Note that this generic method is only parameterized with <U>, the type of the fetched pointed-at value, and not for the type ("<T>", perhaps) of the containing class (the same applies for the IL version below). It's because the bare-bones simplicity of this technique doesn't require it. We already know that the containing instance has to be a reference (class) type, so at runtime it will present via a reference handle to a GC object with object header, and those facts alone are sufficient here; nothing further needs to be known about putative type "T".
It's a matter of opinion whether adding vacuous <T, … >, which would allow us to indicate the where T: class constraint, would improve the look or feel of the example above. It certainly wouldn't hurt anything; I believe the JIT is smart enough to not generate additional generic method instantiations for generic arguments that have no effect. But since doing so seems chatty (other than for stating the constraint), I opted for the minimalism of strict necessity here.

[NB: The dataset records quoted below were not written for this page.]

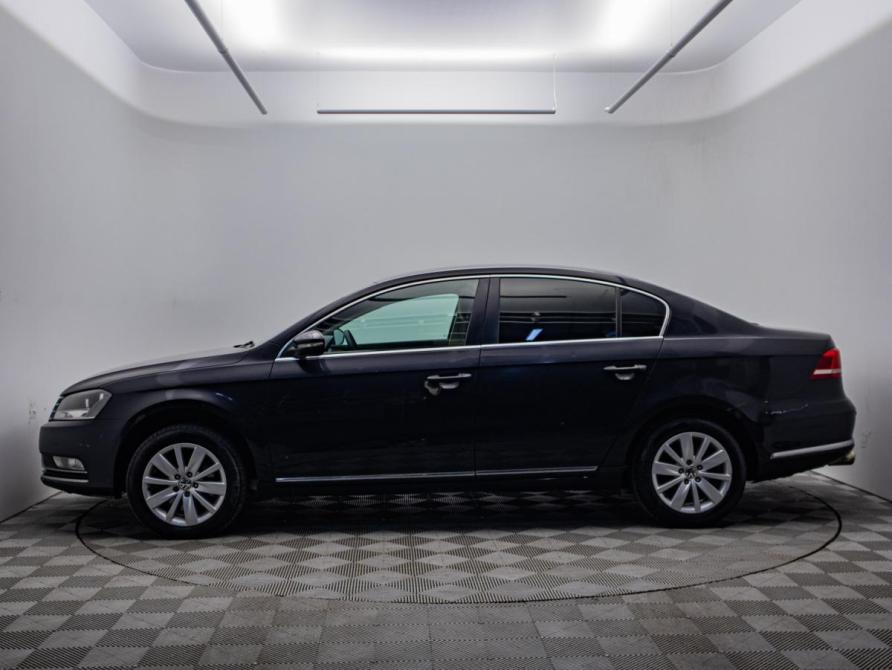 Volkswagen Passat B7 Москва  - изображение 9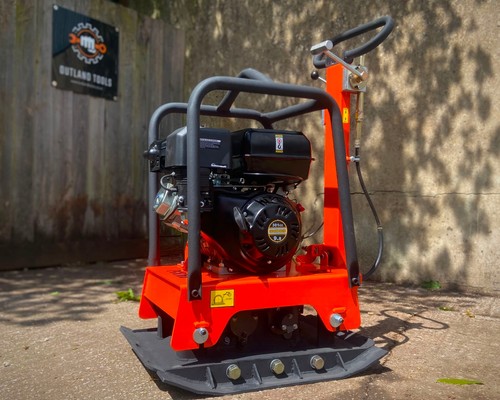Wacker plate compactor - /compactor,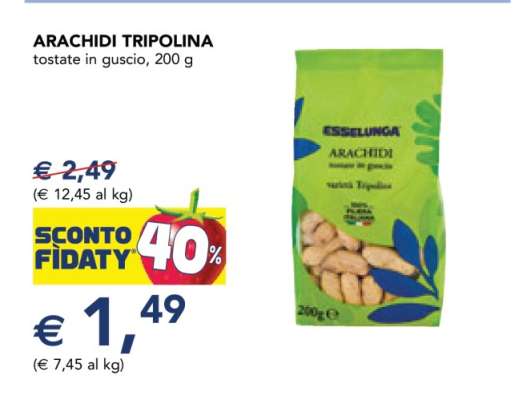 ARACHIDI TRIPOLINA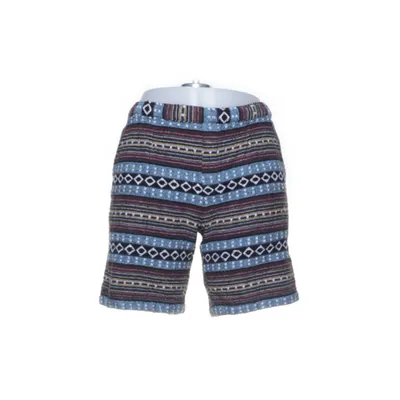 Korte broek (Blauw, Lila, Meerkleurig) Katoen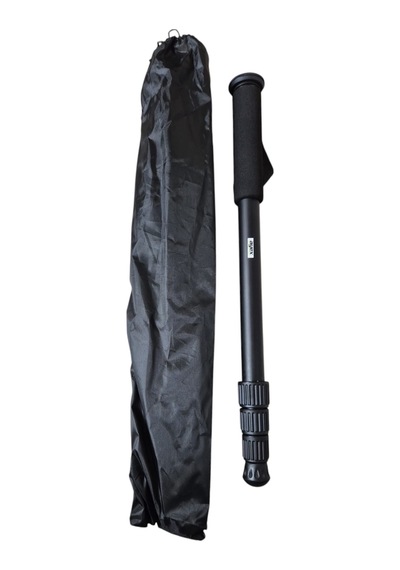 Ayex Km-3028 Profesyonel Monopod 162cm, 5kg Taşıma Kapasiteli, 1/4 & 3/8 Çift Taraflı Vida Uyumlu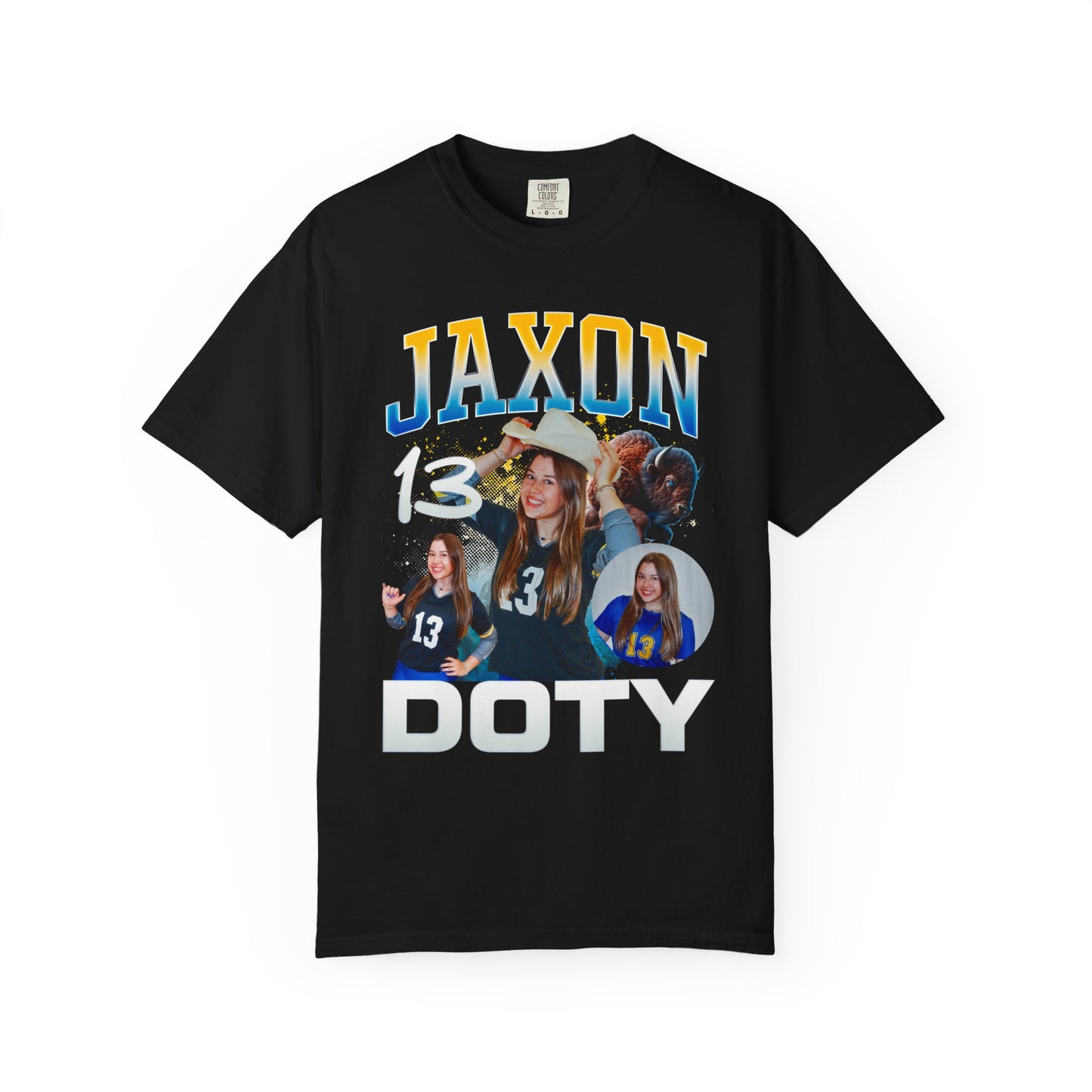 Jaxon Doty Premium Tee
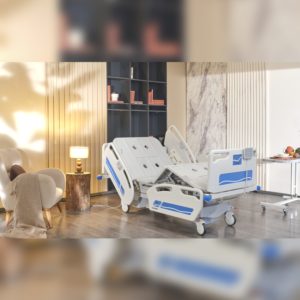MCare Akıllı Hastane Yatağı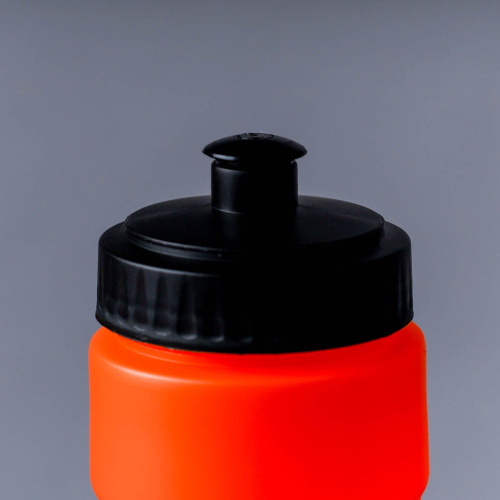 Бутылка для воды "Element". Оранжевая. 850 мл. /711609 /FWEPE-26o / уп 100/ RF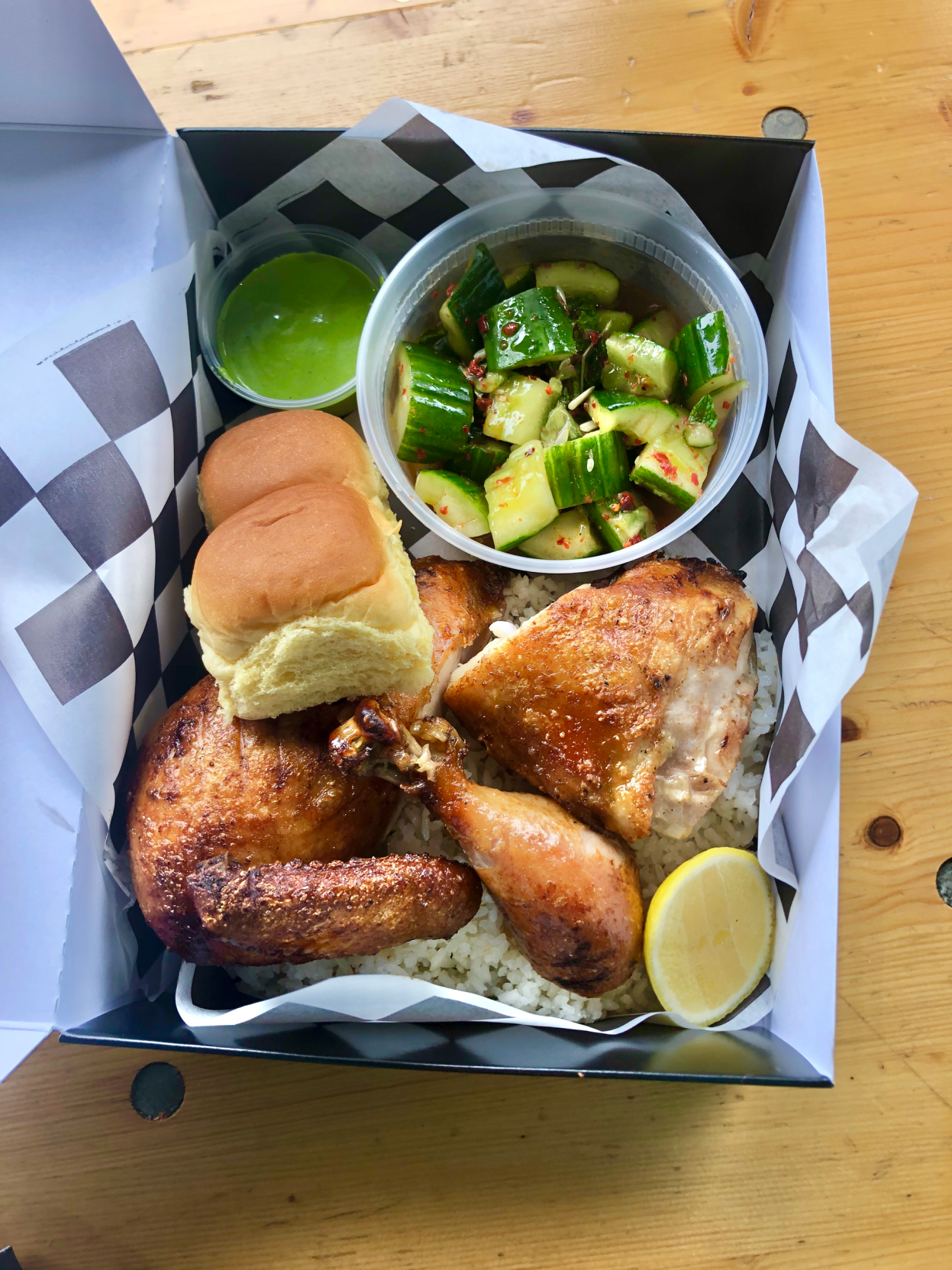 First Bite: East Nashville’s BokBox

In my own use, rather than passing a FieldInfo or its respective FieldHandle every time, what I actually retain are the various integer offset values for the fields of interest as returned from GetFieldOffset, since these are also invariant at runtime, once obtained. This eliminates the extra step (of calling GetFieldOffset) each time the pointer is fetched. In fact, since I am able to include IL code in my projects, here is the exact code that I use for the function above. As with the C# just shown, it trivially synthesizes a managed pointer from a containing GC-object obj, plus a (retained) integer offset offs within it.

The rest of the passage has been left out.